Much of my formative years were spent looking for ways to give back to our community, especially to South Jersey. Although I currently serve in the New Jersey Senate Majority Office through the Eagleton Fellowship Program, I started years ago interning for my state legislators: Senator Fred Madden, Assemblyman Paul Moriarty, and Assemblywoman Gabriela Mosquera. After that and during college, I was privileged to intern under my congressman, Representative Donald Norcross.
This passion for public service and a love for my community inspired me to attend law school in my backyard at Rutgers Law School. Coming to Rutgers meant coming home to me. My initial plans in law school were to become a prosecutor, continuing a family service in law enforcement. Rutgers Law empowered me to complete internships at the Gloucester County Prosecutor’s Office and the Philadelphia District Attorney’s Office. I was placed in the Philadelphia Gun Violence Task Force in the latter internship where I was able to work with attorneys partnered with the Philadelphia Police Department and the Pennsylvania Attorney General’s Office on combatting the scourge of gun violence, an epidemic to which my father fell victim.

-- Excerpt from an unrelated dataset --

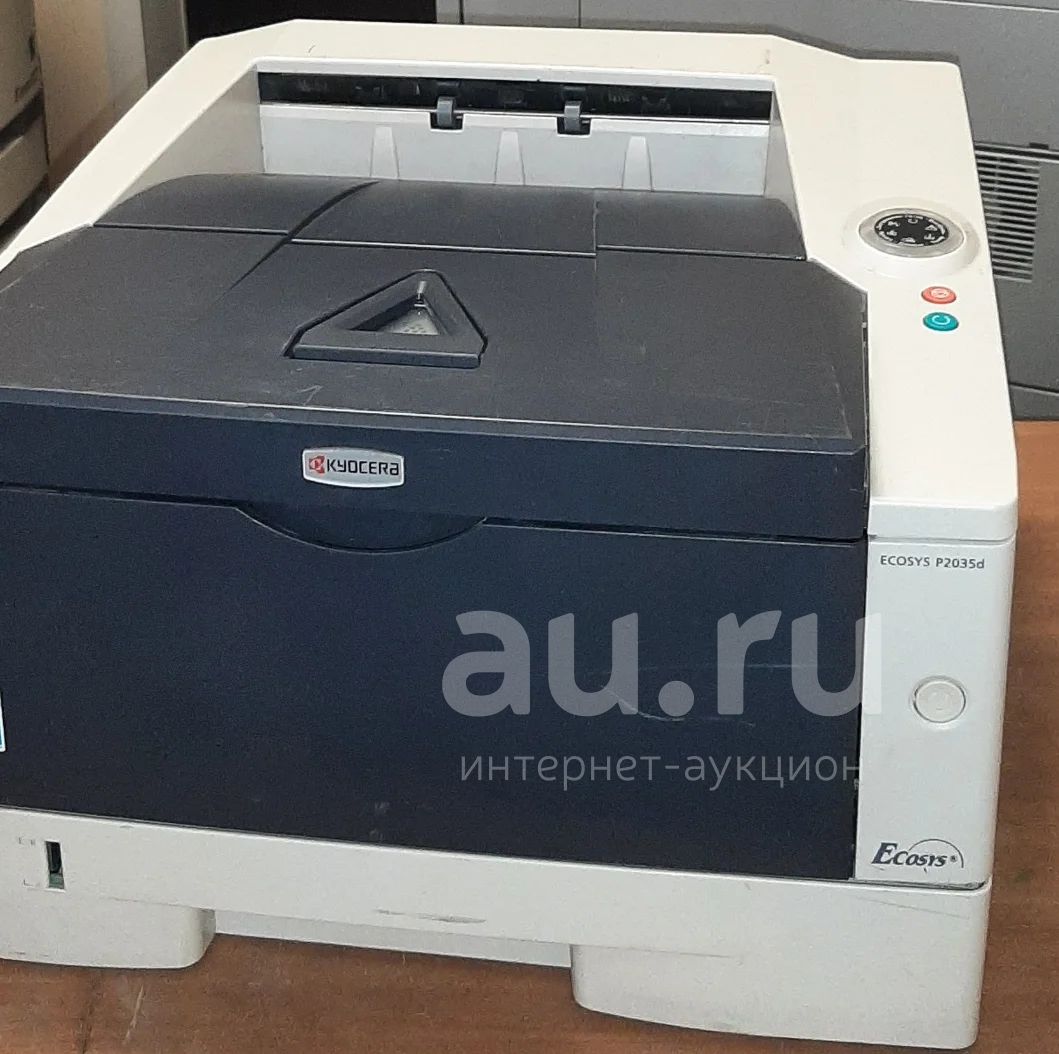 Kyocera Ecosys P2035D — купить в Красноярске. Состояние: Б/у. Лазерные ...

The Eagleton Fellow Program has enhanced my abilities to give back to my local and state communities. Since high school, I have been deeply interested in government and politics—not for interests in notoriety, but for the ability to make the world a better place. In my brief time in the New Jersey Senate Majority Office, I have worked on relatively minor issues like professional licensure to otherwise major ones like the $15 minimum wage. This collaborative program has also introduced me to stellar graduate student colleagues from across the University campuses throughout the state who are individually passionate about their interests and collectively ardent in their belief in good government. Simply, the Eagleton Fellowship Program has helped me help others, and begin to repay back an inestimable debt to my communities, all the while supporting members of the New Jersey Senate, like Senator Madden and Senate President Sweeney, who have spent much of their political and professional lives supporting New Jersey families like my own.

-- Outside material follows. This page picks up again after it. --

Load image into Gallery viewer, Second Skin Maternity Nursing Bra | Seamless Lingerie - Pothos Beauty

I’ve learned in law school that a life of public service does not necessarily equate to a professional career in government, though. I’ve accepted a position as a real estate attorney at the Philadelphia law firm, Saul Ewing Arnstein & Lehr following graduation where I will continue to work with enormously talented people on complex issues of law across the region. Participation with the Eagleton Institute of Politics, through our classwork and practical application this semester in our internships, has taught this year’s class of Fellows that good governance in the public sector requires symbiotic relationships with good actors in the private sector. Rutgers Law School and the Eagleton Fellowship have given me the training and the skills required to do just that.